- **Records shown**
---+---

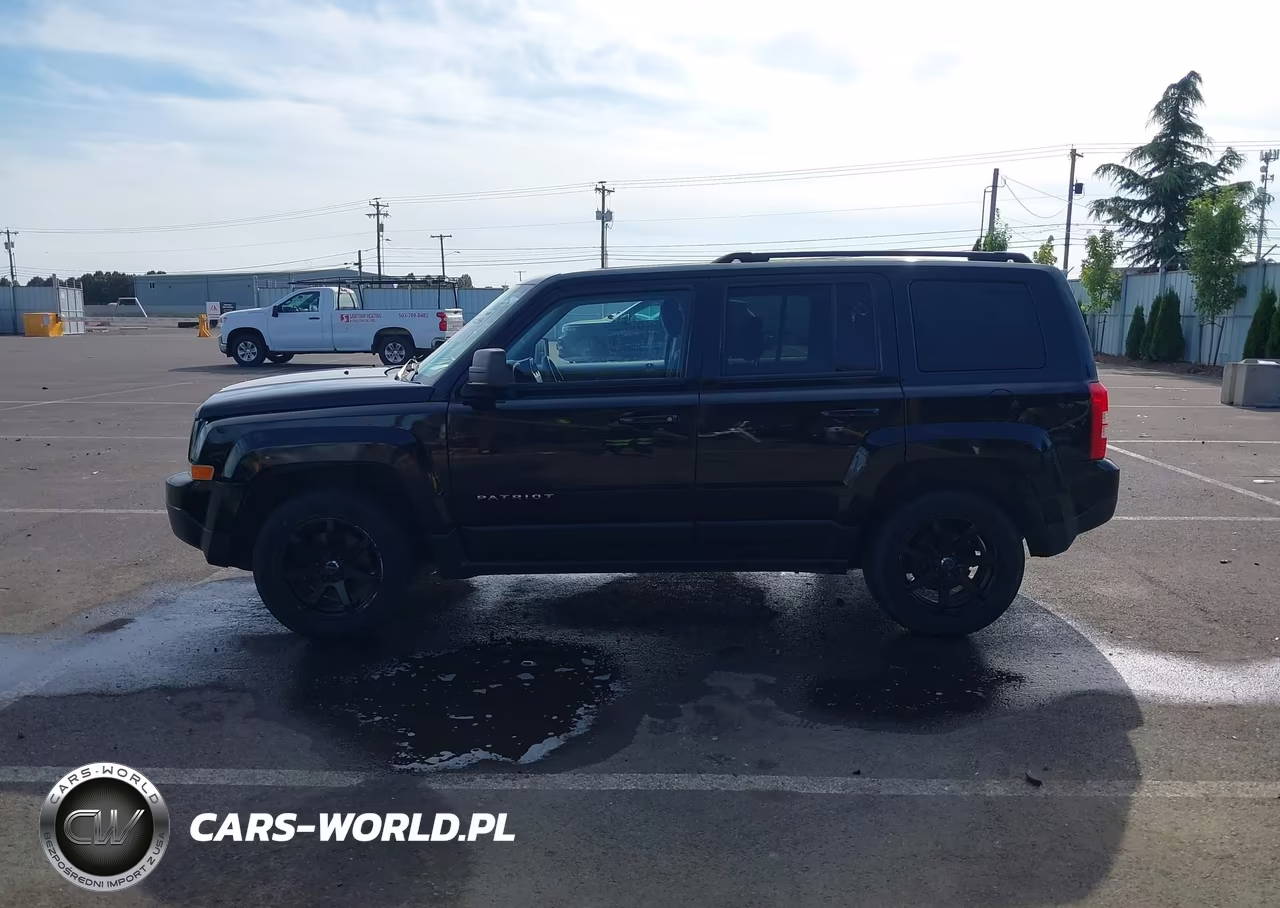 2017 Jeep Patriot Sport VIN:1C4NJRBB5HD104820 - 14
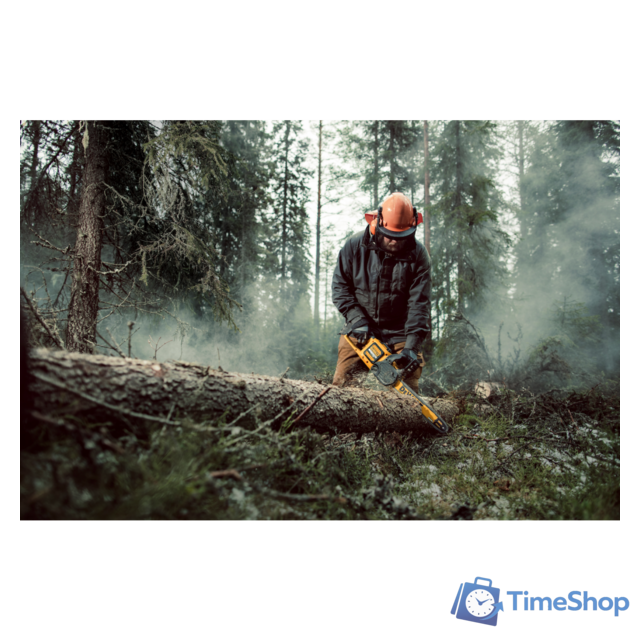 Аккумуляторная пила DeWalt FlexVolt DCM575X1 (с 1-им АКБ) - Изображение №8 — Интернет-магазин Time-Shop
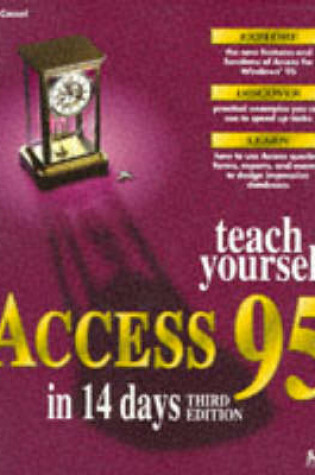 Cover of Sams Teach Yourself Access 95 in 14 Days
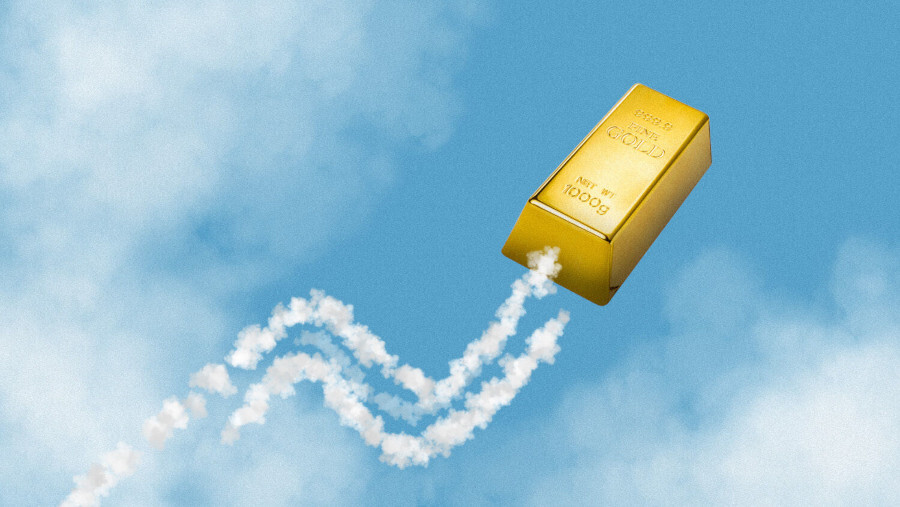 ¿Alguna vez bajarán el oro y la plata de sus precios altos?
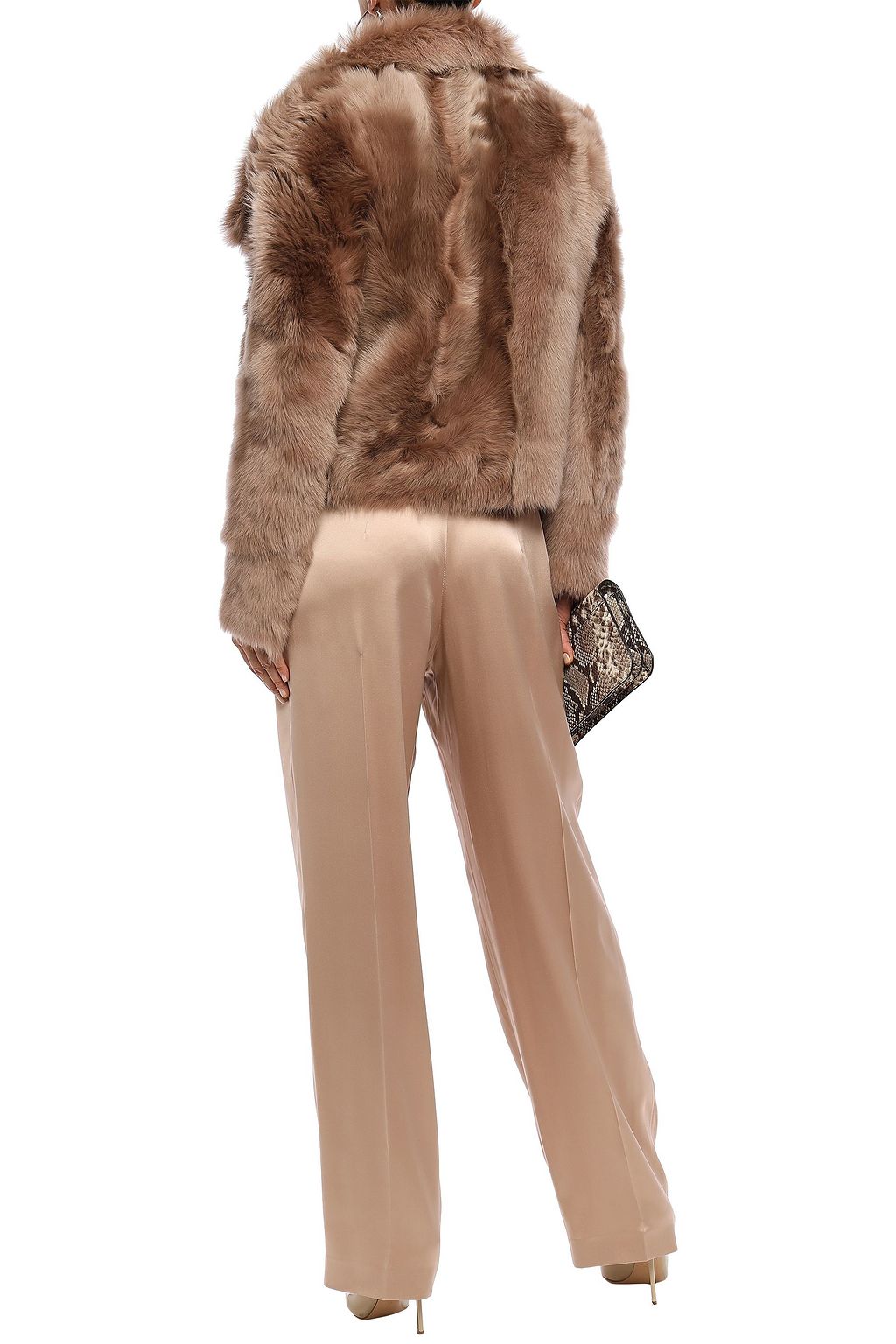 METEO BY YVES SALOMON Reversible shearling jacket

---+---

- **Required action**
If a record holds a picture, drop the picture and return the rest of it exactly.

- **Response for this exercise**
 2017 Jeep Patriot Sport VIN:1C4NJRBB5HD104820 - 14
 Аккумуляторная пила DeWalt FlexVolt DCM575X1 (с 1-им АКБ) - Изображение №8 — Интернет-магазин Time-Shop
 Cover of Sams Teach Yourself Access 95 in 14 Days
 ¿Alguna vez bajarán el oro y la plata de sus precios altos?
 METEO BY YVES SALOMON Reversible shearling jacket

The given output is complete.